● **Work request**: Range to repeat from the listing below: the line containing "log, nymph, bump" down to the line containing "Meet Me At The Beach Cotton Canvas Tote Bag", both included. Copy it exactly, pictures excluded, and add nothing else.

=== Supplied material ===

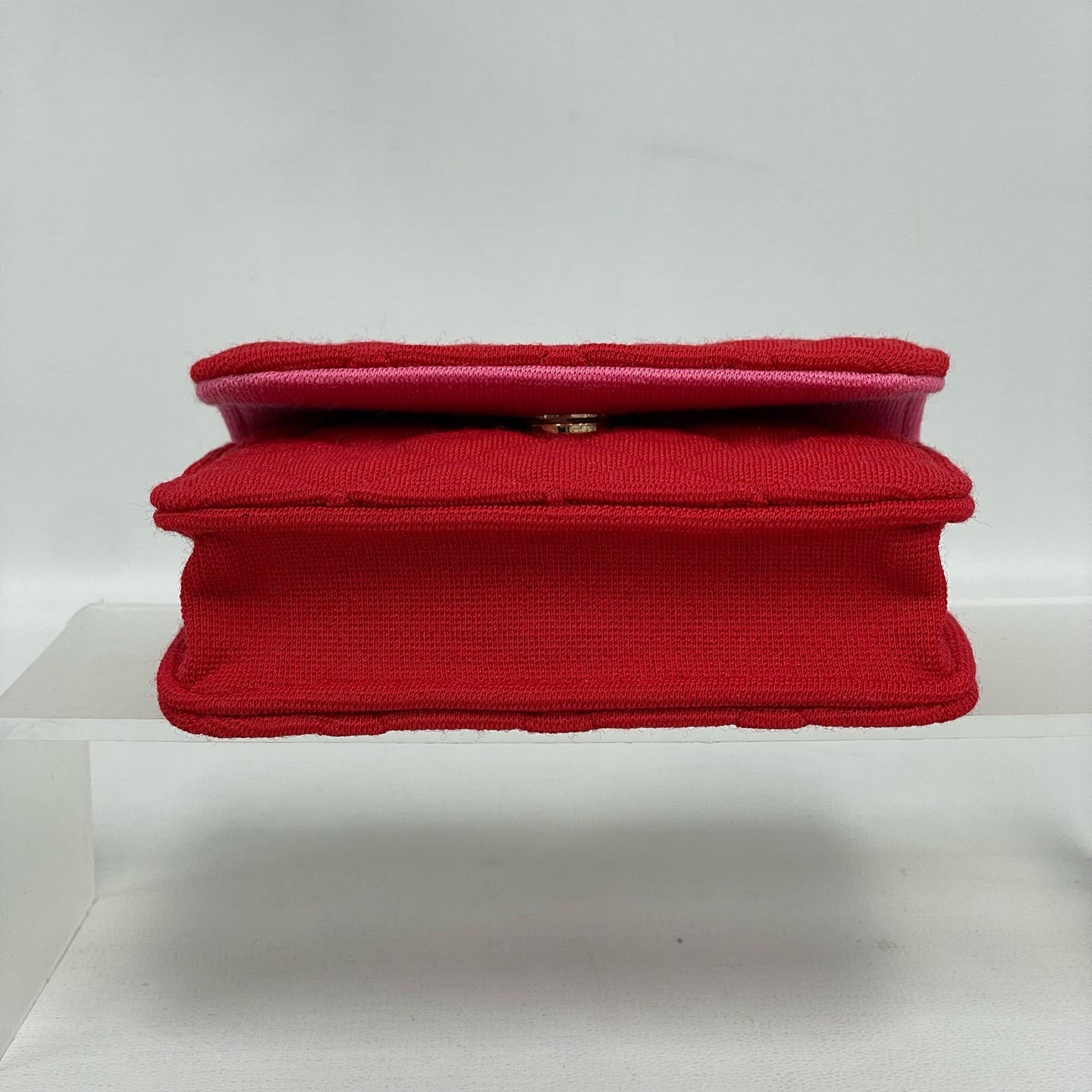Chanel - Mini Flap Bag - Wool knit fabric - Red with Pink interior - (mini)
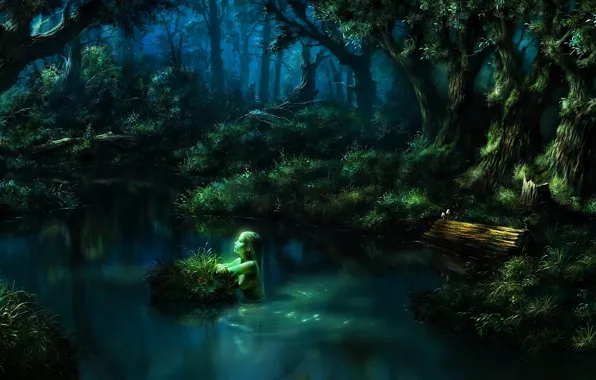Picture forest, water, girl, lake, pond, fantasy, art, log, nymph, bump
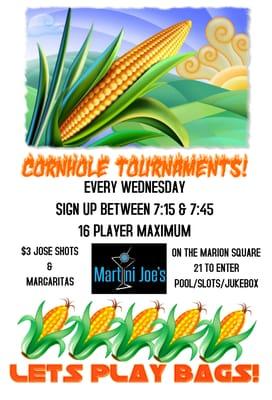 Cornhole tournaments Wednesdays, Pool tournaments Thursdays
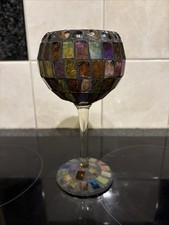 Vintage Stained Glass Mosaic Goblet Candle Holder 18cm Tall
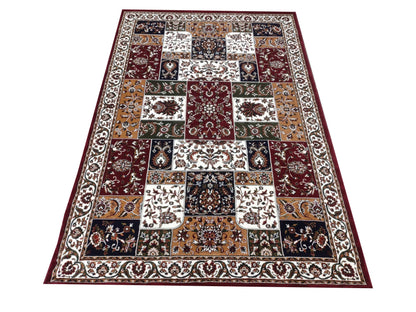 Prince Carpets Kashmiri Supersoft Wool Blend Persian Design Carpet for Living Room Bedroom Drawing Room Hall Anti Slip Backing Thick Washable Carpet Maroon Color Size 6 x 9 feet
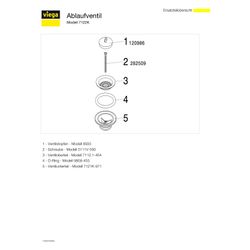 Viega Ablaufventil 7122K, G 1 1/2" x 80mm, Kunststoff, Weiß... VIEGA-109516 4015211109516 (Abb. 1)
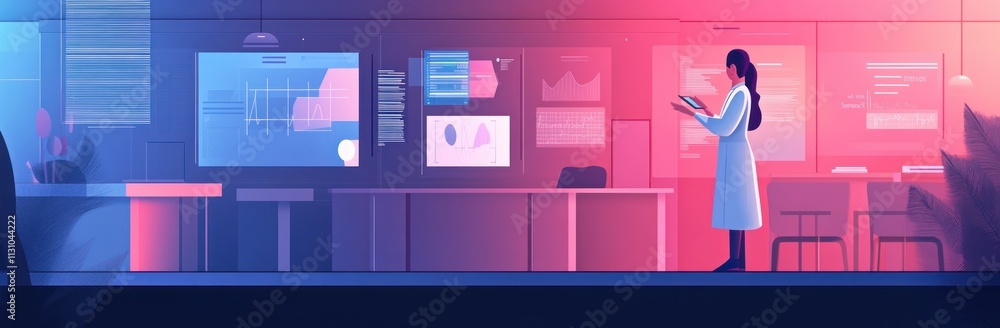 Poster A scientist in a lab, analyzing data on screens in a colorful, modern environment.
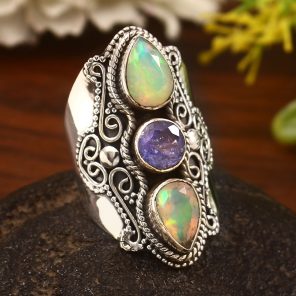 Tanzanite & Ethiopian Opal Size US 6 Sterling Silver 925 Ring (REXT86-27)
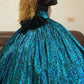 Blue floral vintage elegant floral long satin ball gown nv5016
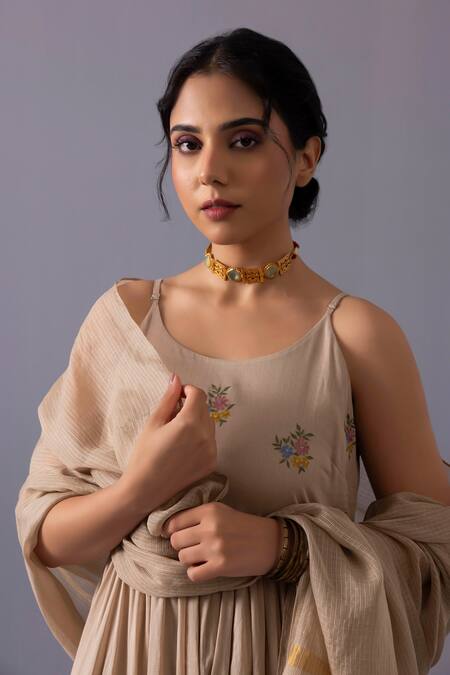 Label Shreya Sharma_Beige Cotton, Chanderi, Kota Doria Embroidery Scoop Mira Thread Anarkali Set _at_Aza_Fashions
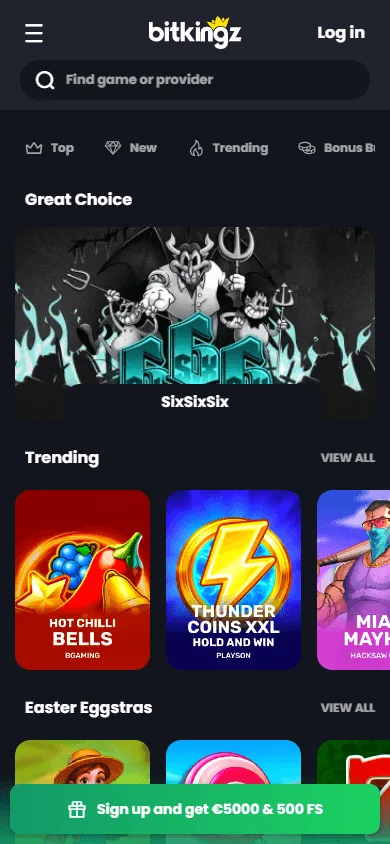 Bitkingz Casino mobile games screen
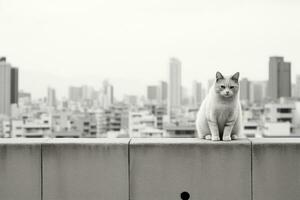en svart och vit Foto av en katt Sammanträde på en avsats generativ ai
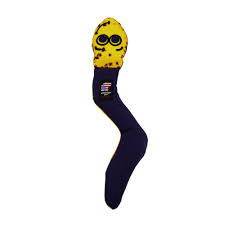 Yellow and blue worm toy with large eyes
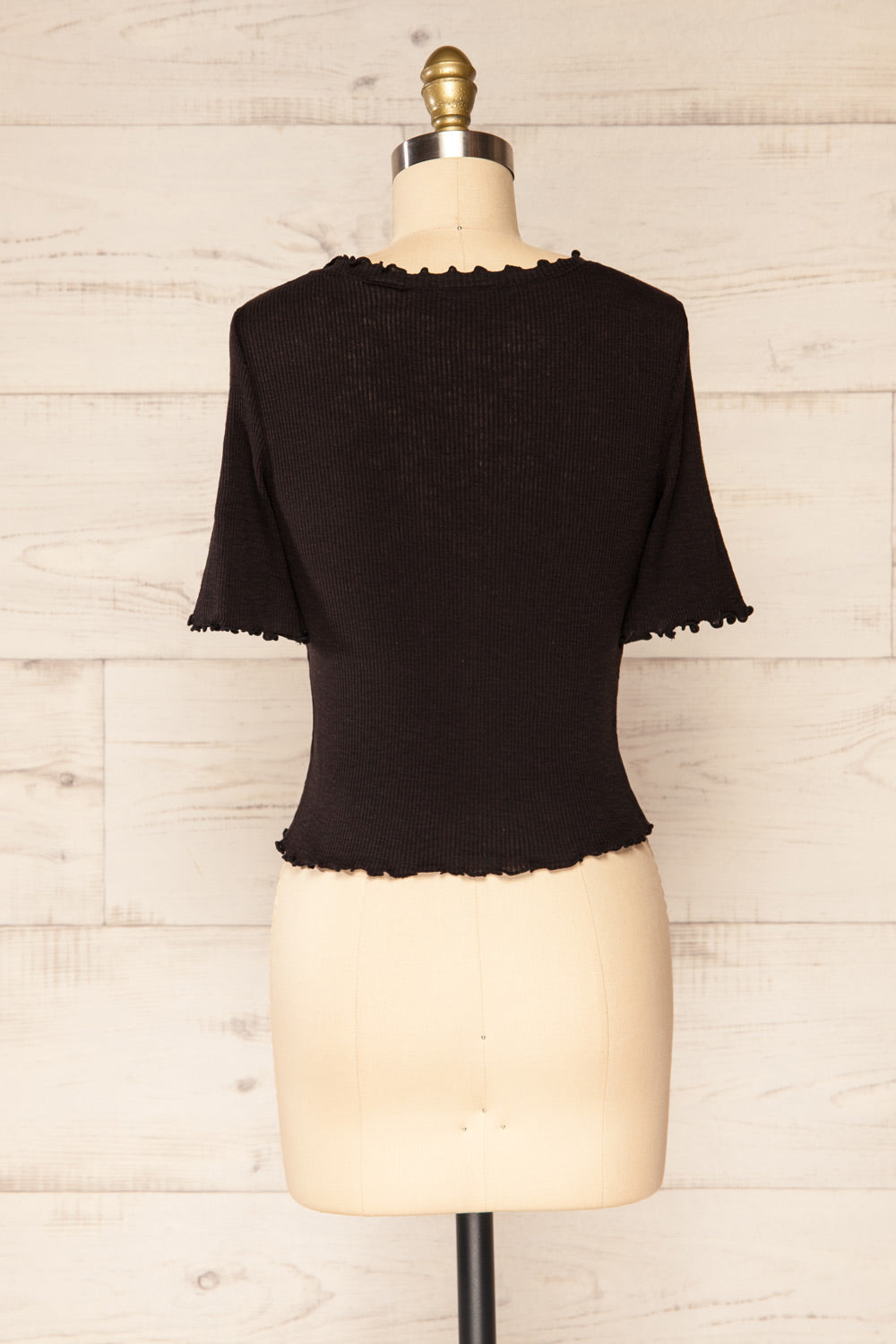 Pronoia Black Ribbed Crop Top w/ Short Sleeves | La petite garçonne back view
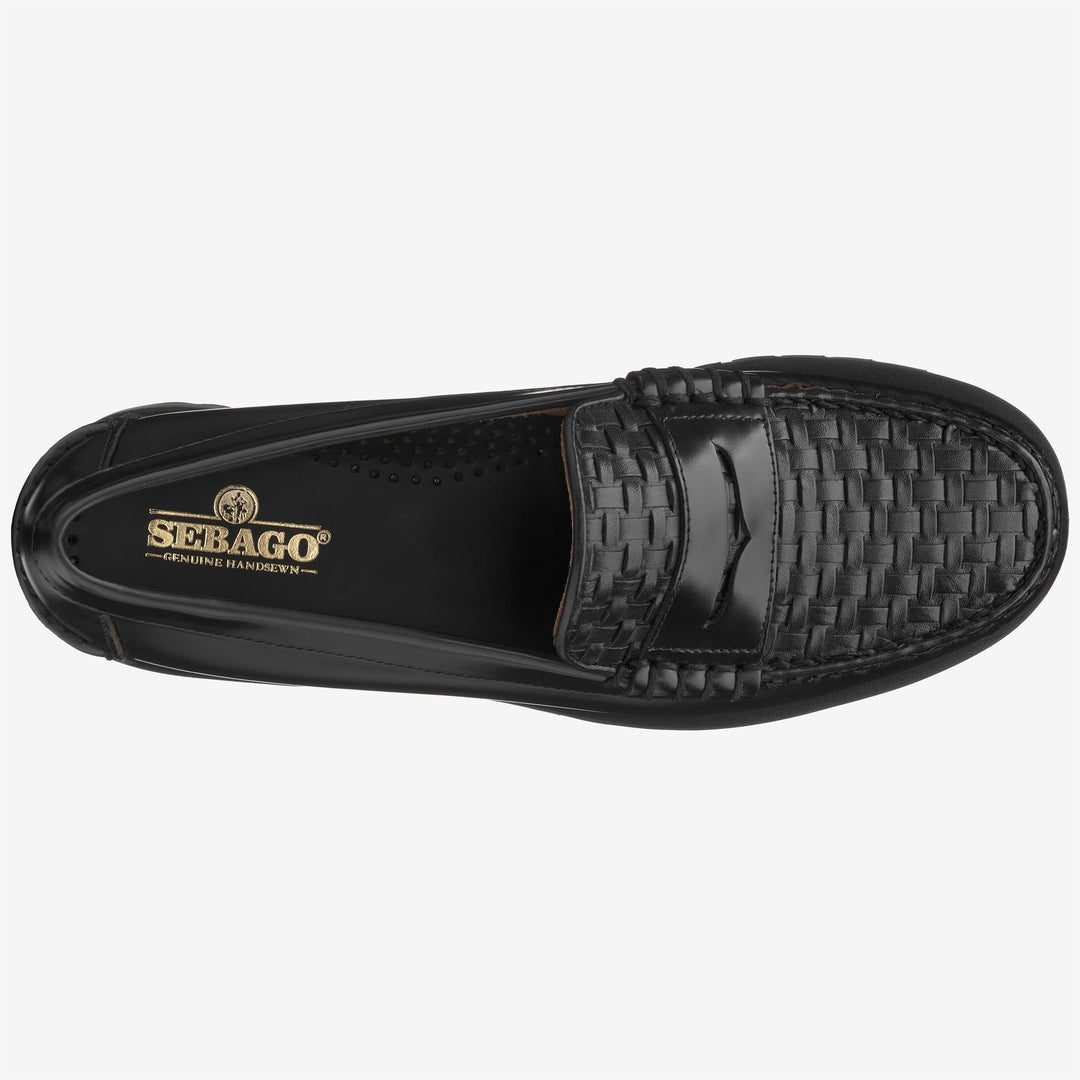 Black Men's Leather Moccasin Loafers with Weather Resistance main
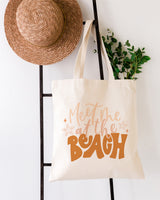 Meet Me At The Beach Cotton Canvas Tote Bag
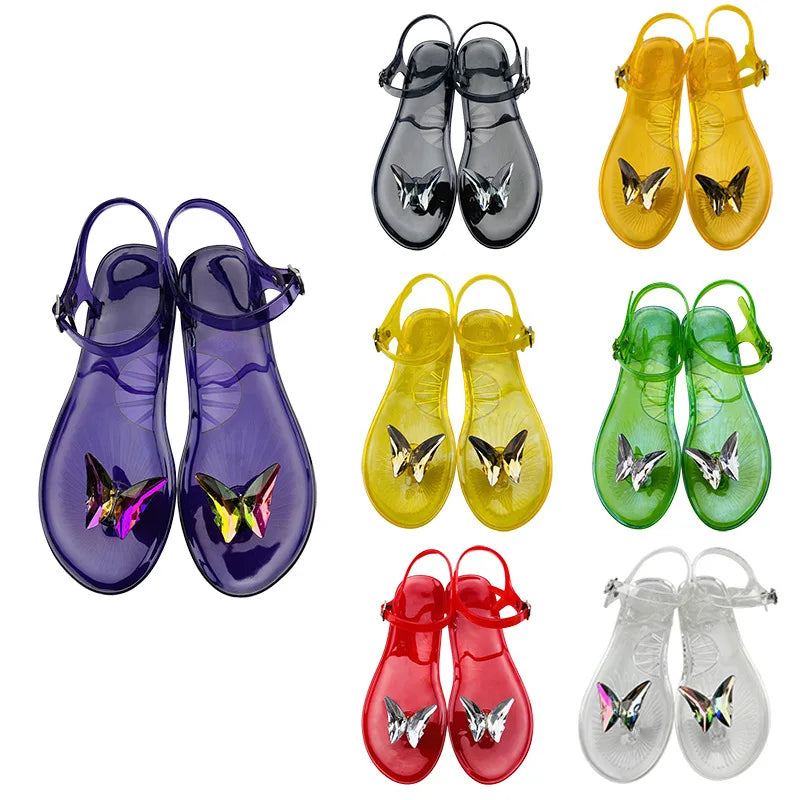 Summer Lady PVC Flat Crystal Shoes Women Vacation Beach Sandals Butterfly Rhinestone Transparent Jelly Sandals Outdoor Slipper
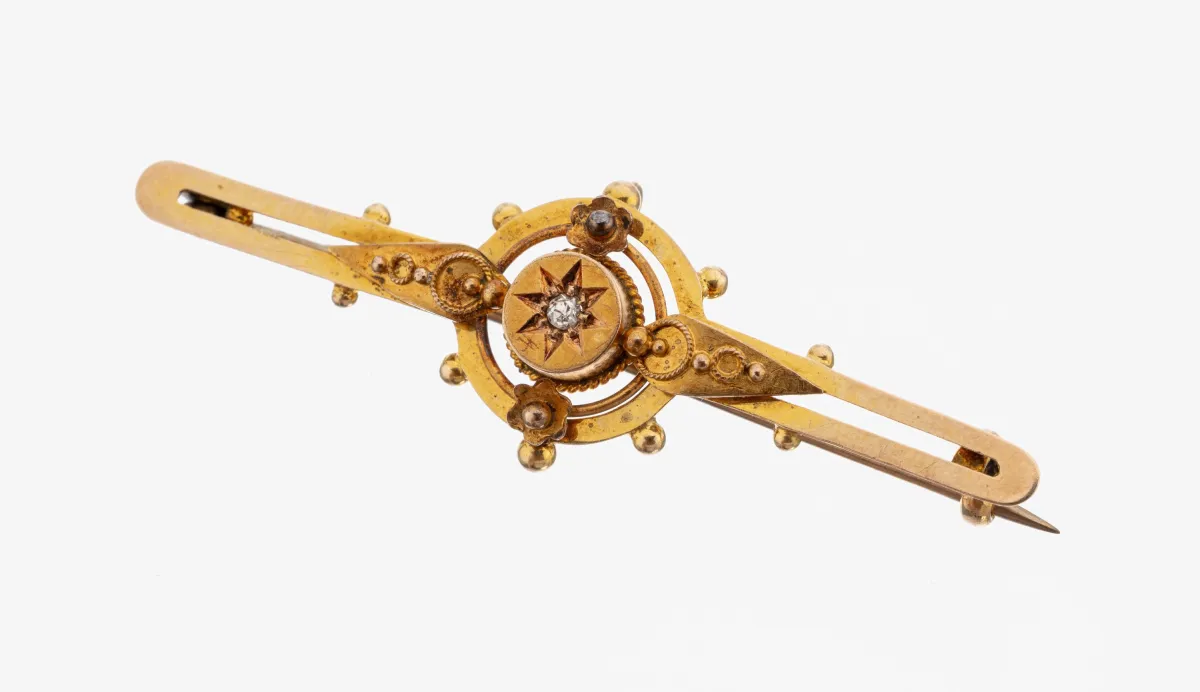 Broche en or 14 ct avec diamant, vers 1880, or 585/000 poinçonné, exécution fine avec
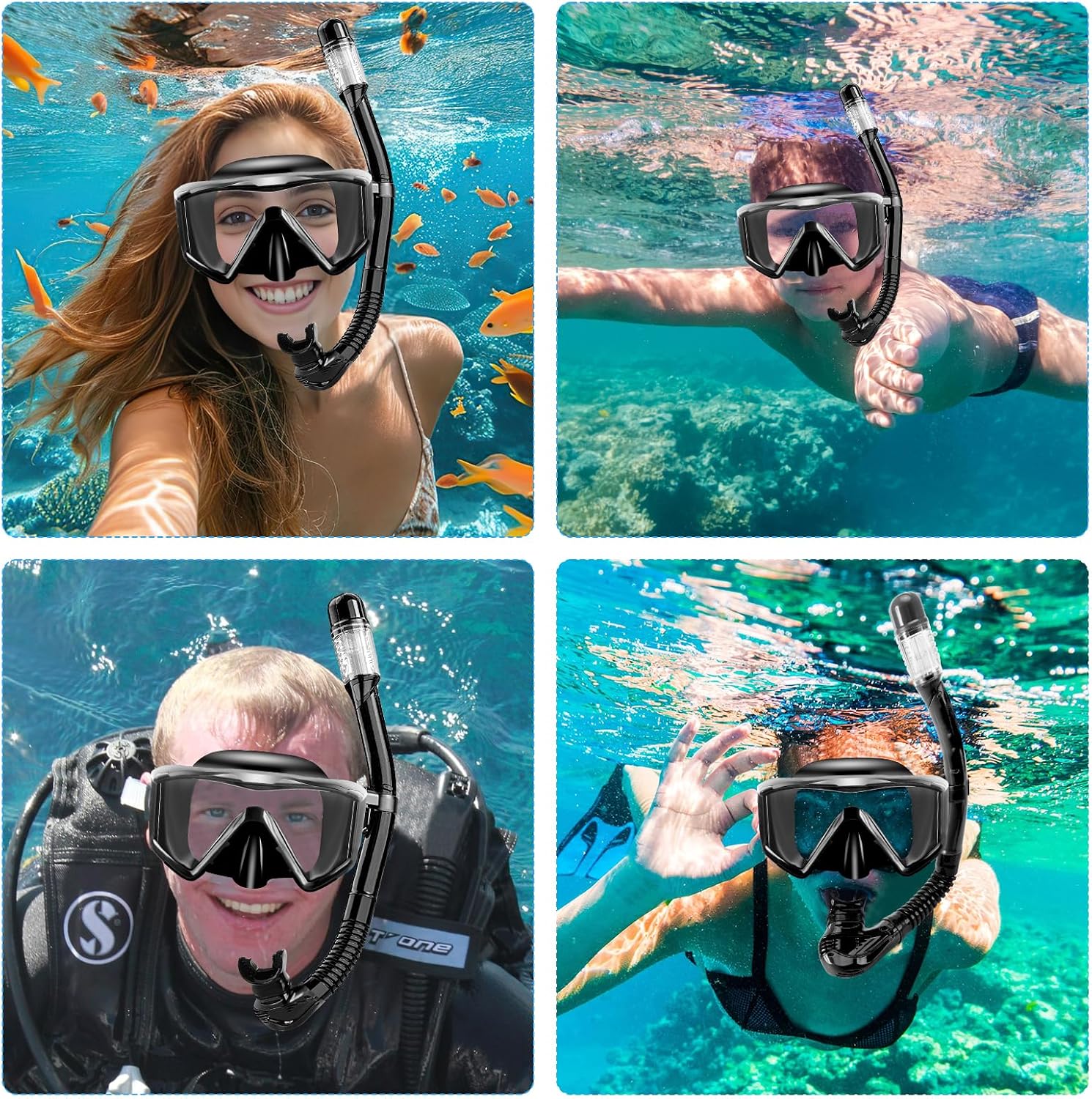 Thumbnail 6 de Set snorkeling adulti con maschera panoramica a 3 finestre e boccaglio – antiappannamento e anti-fuga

===

● **Answer below**:
Picture forest, water, girl, lake, pond, fantasy, art, log, nymph, bump
 Cornhole tournaments Wednesdays, Pool tournaments Thursdays
 Vintage Stained Glass Mosaic Goblet Candle Holder 18cm Tall
 Prince Carpets Kashmiri Supersoft Wool Blend Persian Design Carpet for Living Room Bedroom Drawing Room Hall Anti Slip Backing Thick Washable Carpet Maroon Color Size 6 x 9 feet
 Viega Ablaufventil 7122K, G 1 1/2" x 80mm, Kunststoff, Weiß... VIEGA-109516 4015211109516 (Abb. 1)
 Poster A scientist in a lab, analyzing data on screens in a colorful, modern environment.
 Tanzanite & Ethiopian Opal Size US 6 Sterling Silver 925 Ring (REXT86-27)
 Blue floral vintage elegant floral long satin ball gown nv5016
 Label Shreya Sharma_Beige Cotton, Chanderi, Kota Doria Embroidery Scoop Mira Thread Anarkali Set _at_Aza_Fashions
 Bitkingz Casino mobile games screen
en svart och vit Foto av en katt Sammanträde på en avsats generativ ai
 Yellow and blue worm toy with large eyes
 Pronoia Black Ribbed Crop Top w/ Short Sleeves | La petite garçonne back view
 Black Men's Leather Moccasin Loafers with Weather Resistance main
 Meet Me At The Beach Cotton Canvas Tote Bag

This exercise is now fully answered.